> **EXERCISE**:
Return the full set of entries below exactly, leaving every image out.

> **RECORDS PROVIDED**:
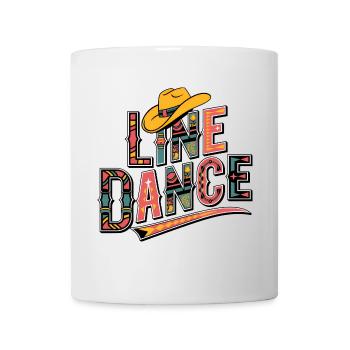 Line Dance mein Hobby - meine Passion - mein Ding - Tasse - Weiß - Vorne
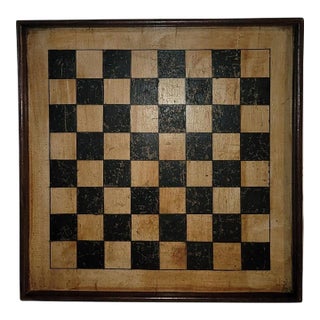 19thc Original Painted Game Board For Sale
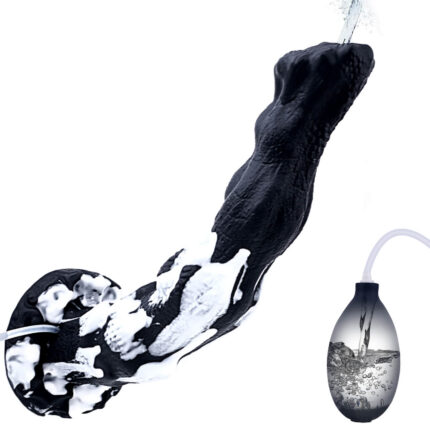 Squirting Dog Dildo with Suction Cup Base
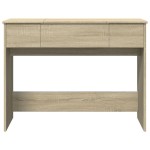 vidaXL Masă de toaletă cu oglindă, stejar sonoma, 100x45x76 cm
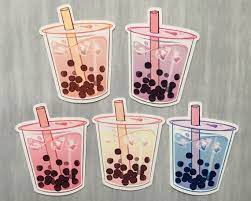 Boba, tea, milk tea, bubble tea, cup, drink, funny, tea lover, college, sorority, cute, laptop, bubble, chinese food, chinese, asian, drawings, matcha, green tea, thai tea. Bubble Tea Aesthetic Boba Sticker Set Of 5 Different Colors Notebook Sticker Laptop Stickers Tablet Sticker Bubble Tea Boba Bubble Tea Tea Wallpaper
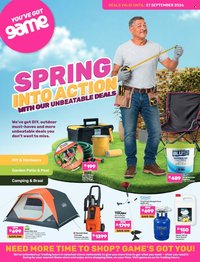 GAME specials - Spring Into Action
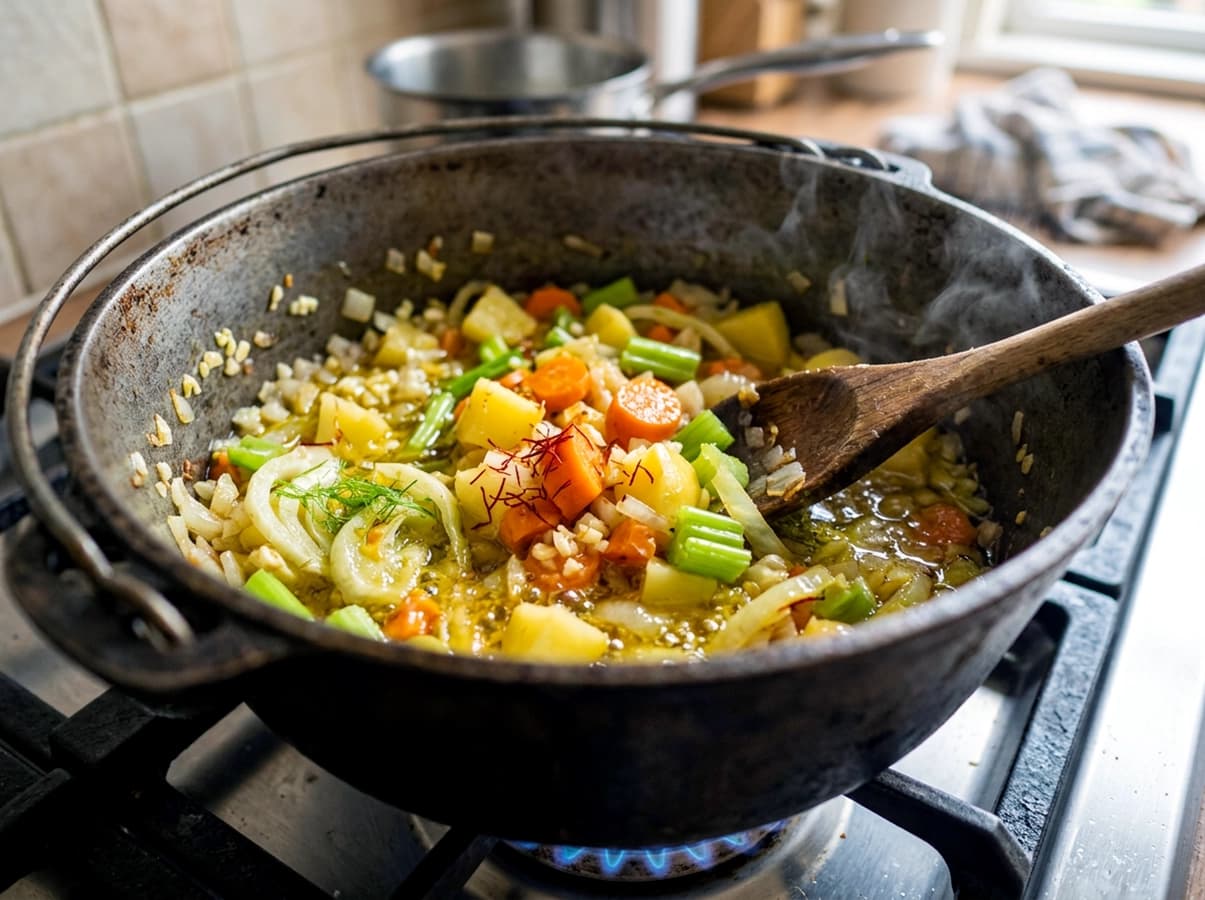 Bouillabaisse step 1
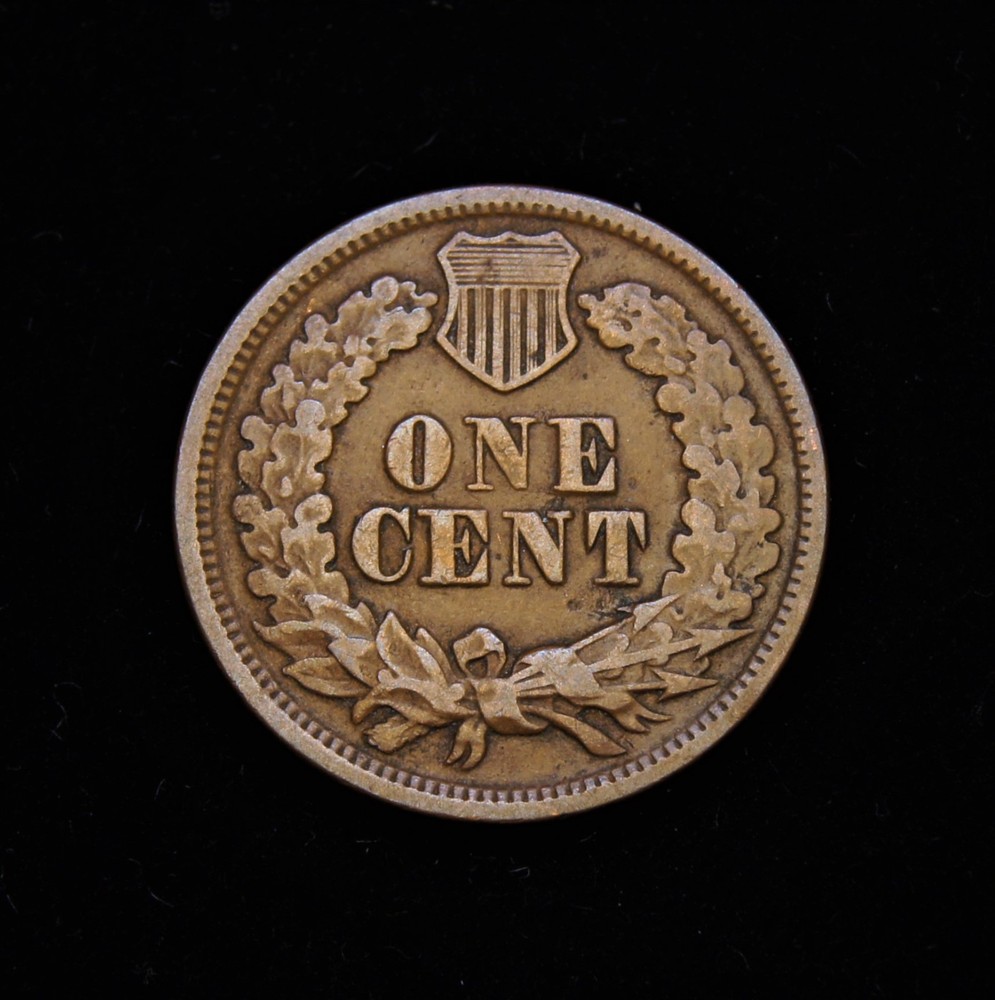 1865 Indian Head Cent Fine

> **WORKED SOLUTION**:
 Line Dance mein Hobby - meine Passion - mein Ding - Tasse - Weiß - Vorne
 19thc Original Painted Game Board For Sale
 Squirting Dog Dildo with Suction Cup Base
 vidaXL Masă de toaletă cu oglindă, stejar sonoma, 100x45x76 cm
 Boba, tea, milk tea, bubble tea, cup, drink, funny, tea lover, college, sorority, cute, laptop, bubble, chinese food, chinese, asian, drawings, matcha, green tea, thai tea. Bubble Tea Aesthetic Boba Sticker Set Of 5 Different Colors Notebook Sticker Laptop Stickers Tablet Sticker Bubble Tea Boba Bubble Tea Tea Wallpaper
 GAME specials - Spring Into Action
 Bouillabaisse step 1
 1865 Indian Head Cent Fine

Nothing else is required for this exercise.